Ahli hukum Satya Arinanto menilai aksi joget sejumlah peserta dan tamu dalam Sidang Tahunan MPR/DPR/DPD pada 15 Agustus 2025 merupakan bentuk ekspresi penghormatan terhadap lagu daerah, bukan tindakan yang patut dipermasalahkan.
Menurut Satya, tradisi menari bersama saat lagu daerah dimainkan sudah sering terjadi, bahkan sejak era Presiden Joko Widodo (Jokowi).“Sebenarnya enggak masalah karena pada upacara peringatan proklamasi masa Pak Jokowi juga ada lagu 'Ojo Dibandingke', semua ikut menari. Yang kemarin juga ada 'Tabola Bale', semua menari juga. Jadi itu biasa sebagai ekspresi,” ujarnya.
Hal itu disampaikan Satya saat dimintakan pendapatnya sebagai ahli pada sidang Mahkamah Kehormatan Dewan (MKD) di kompleks Parlemen, Jakarta, Senin (3/11/2025).
Satya menegaskan, video potongan anggota DPR berjoget yang beredar luas di media sosial telah dipelintir pihak tak bertanggung jawab. Ia menyebut, konten negatif yang beredar membuat publik salah paham terhadap konteks kejadian.

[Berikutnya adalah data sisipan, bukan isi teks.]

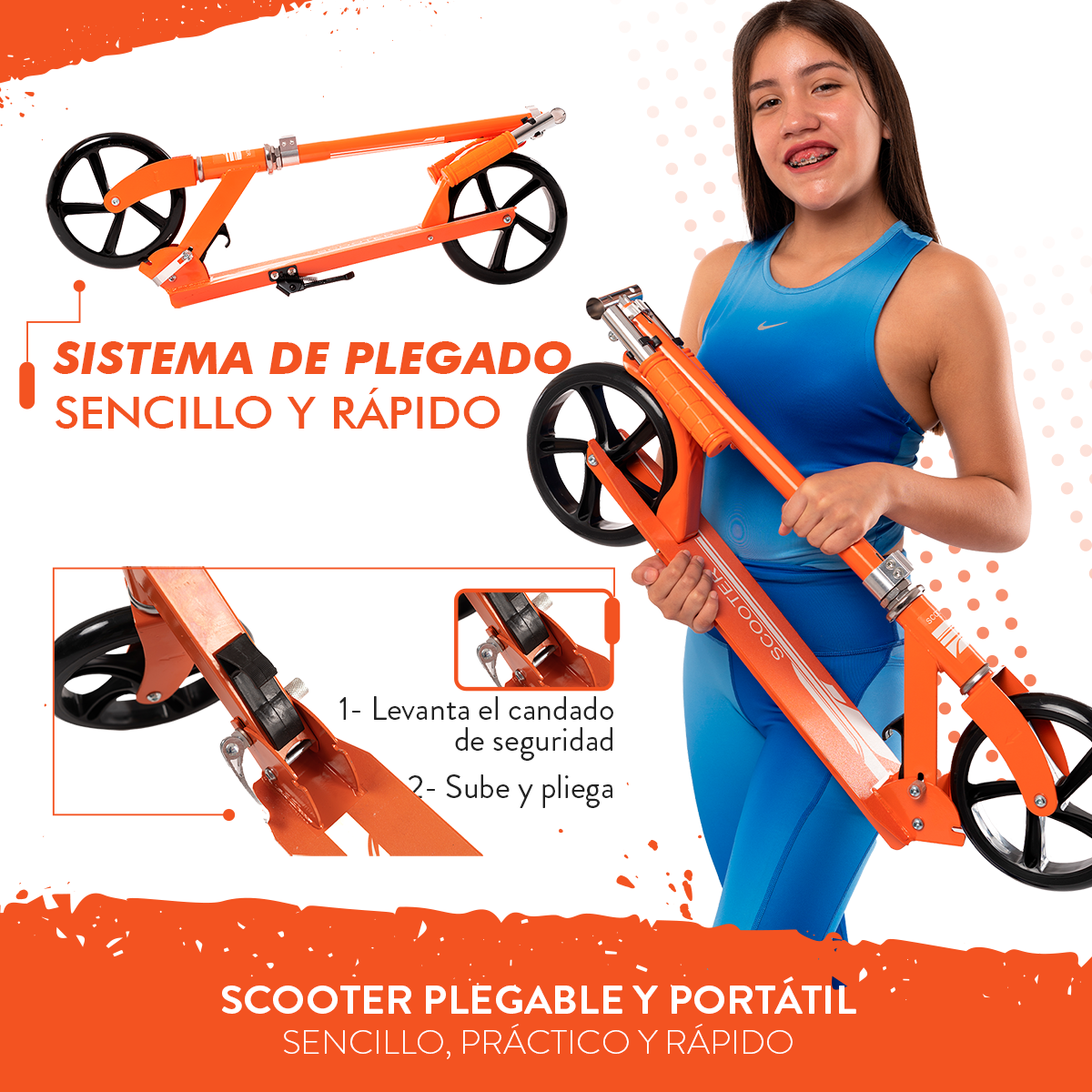 Scooter Plegable y Ajustable Patín Del Diablo Para Niños Y Adolescentes Color Naranja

“Video yang diputar ulang itu memicu emosi publik, padahal kalau lihat aslinya, tidak ada masalah. Misalnya video Uya Kuya, di akun TikTok aslinya tidak seperti yang diviralkan,” jelasnya.
Meski demikian, Satya mengakui psikologi massa di media sosial sulit dikendalikan. Apalagi ketika informasi yang tersebar lebih banyak bersifat provokatif daripada faktual. “Psikologi massa waktu itu memang sulit dikontrol. Media sosial membuat isu berkembang liar, dan hanya sedikit yang berusaha mencari kebenaran,” tambahnya.
Sidang MKD kali ini digelar untuk memeriksa kasus lima anggota DPR yang dinonaktifkan partainya seusai peristiwa tersebut. Agenda pemeriksaan menghadirkan sejumlah ahli, di antaranya Deputi Persidangan Setjen DPR Suprihartini, kriminolog UI Adrianus Eliasta, sosiolog Trubus Rahardiansah, dan ahli perilaku Gusti Aju Dewi.
Ketua MKD DPR Nazaruddin Dek Gam mengatakan, sidang pendahuluan ini bertujuan mencari titik terang dari peristiwa yang terjadi antara 15 Agustus hingga 3 September 2025, yang berujung pada penonaktifan lima anggota DPR.
“Ada lima anggota DPR yang dinyatakan nonaktif oleh partai masing-masing, yaitu Adies Kadir, Nafa Urbach, Surya Utama, Eko Hendro Purnomo, dan Ahmad Sahroni,” kata Dek Gam.
Satya berharap publik bisa melihat peristiwa joget tersebut secara objektif sebagai bagian dari ekspresi budaya daerah, bukan pelanggaran etika. “Kalau menurut saya, hal seperti itu tidak perlu dibesar-besarkan. Itu bagian dari penghormatan terhadap lagu daerah dan ekspresi kebudayaan Indonesia,” pungkasnya.